The ship is still registered to the Department of Fisheries and Oceans, however it was noticed that the ship is now listed for sale, presumably by the new owners, with TriNav Marine Brokerage of Yarmouth.
TriNav is asking 2.4million for the ship – perhaps a bit optimistic given the feds couldn’t sell in 3 attempts with asking prices over a million dollars.
UPDATES to Follow – when we find out who the owner is.
The Feds are acquiring eight new high-endurance search and rescue (SAR) lifeboats for the Coast Guard. the boats will be purchased from Chantier Naval Forillon of Gaspé, Quebec, and Hike Metal Products of Wheatley, Ontario.
Chantier Naval Forillon and Hike Metal Products were already producing six SAR lifeboats each under existing contracts signed in 2015. Under the amended contracts, each shipyard will build four additional lifeboats at a total cost of $61,757,896. These contracts were awarded under the small vessel component of the National Shipbuilding Strategy and will help maintain well-paying, middle-class jobs at both shipyards.
With the ability to operate up to 100 nautical miles from shore, these new high-endurance SAR lifeboats are enhancing the Coast Guard’s search and rescue capabilities.

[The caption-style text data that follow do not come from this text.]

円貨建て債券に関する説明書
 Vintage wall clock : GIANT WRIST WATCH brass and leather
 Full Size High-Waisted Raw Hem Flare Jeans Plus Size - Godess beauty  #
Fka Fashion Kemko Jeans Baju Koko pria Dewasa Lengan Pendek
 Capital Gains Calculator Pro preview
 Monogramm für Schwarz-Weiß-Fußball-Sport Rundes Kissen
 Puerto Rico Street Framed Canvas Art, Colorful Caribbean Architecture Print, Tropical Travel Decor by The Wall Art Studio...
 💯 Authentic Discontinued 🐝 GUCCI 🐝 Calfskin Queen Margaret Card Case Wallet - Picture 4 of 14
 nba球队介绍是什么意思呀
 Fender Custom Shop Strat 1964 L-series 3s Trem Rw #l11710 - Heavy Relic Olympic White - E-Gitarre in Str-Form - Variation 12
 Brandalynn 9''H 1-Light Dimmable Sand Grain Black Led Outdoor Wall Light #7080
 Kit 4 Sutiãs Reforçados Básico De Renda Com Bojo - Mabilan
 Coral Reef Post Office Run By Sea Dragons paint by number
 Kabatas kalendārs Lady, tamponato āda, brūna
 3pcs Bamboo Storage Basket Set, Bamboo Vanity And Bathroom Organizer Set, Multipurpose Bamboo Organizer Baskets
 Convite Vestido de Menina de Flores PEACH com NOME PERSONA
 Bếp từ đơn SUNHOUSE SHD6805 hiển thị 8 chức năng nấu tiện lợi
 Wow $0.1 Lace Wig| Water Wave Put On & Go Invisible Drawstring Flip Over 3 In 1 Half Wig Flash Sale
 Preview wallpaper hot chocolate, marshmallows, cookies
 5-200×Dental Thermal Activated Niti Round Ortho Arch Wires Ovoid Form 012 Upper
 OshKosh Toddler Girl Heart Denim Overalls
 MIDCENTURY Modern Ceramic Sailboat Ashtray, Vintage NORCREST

Vessels from this class are named after bays in Canada and are being built under the Federal Infrastructure Initiative, the Fleet Renewal Plan and Oceans Protection Plan.
the CCGS Corporal McLaren MMV was successfully re-floated and towed to the government wharf in sambro last night. the attempt started in the afternoon, and the ship was floating fully by 8pm.
Shore based pumps dewatered the ship, while the CCGS Sambro stood by behind the ship, providing additional scene lighting. A large crane on scene was reportedly for repairs to the cradle, but could be seen swing equipment over to the Mclaren.
Early Saturday morning, the CCGS Corporal Mclaren was sabotaged, when 2 cables and a chain were cut at the CME Shipyard in Sambro Head. the cradle the boat was on slid back, and the MSPV came off the blocks. there was some water ingress.
From statements made by CME, we know the ship was fine at the midnight check, and in the water at the subsequent check. A call to Halifax fire for fuel leaking from a boat was reported at 0751 by @hrmfirewire on twitter. the yard has cameras, but no fence, so its easy to gain access, though its unclear if anything was caught on tape.
the boat was on the lift for 6 weeks of maintenance. general repair and upkeep. A few modifications were being made the vessel, including new electronics, rope cutters on the shafts, and additional limber holes in the engine room bilge.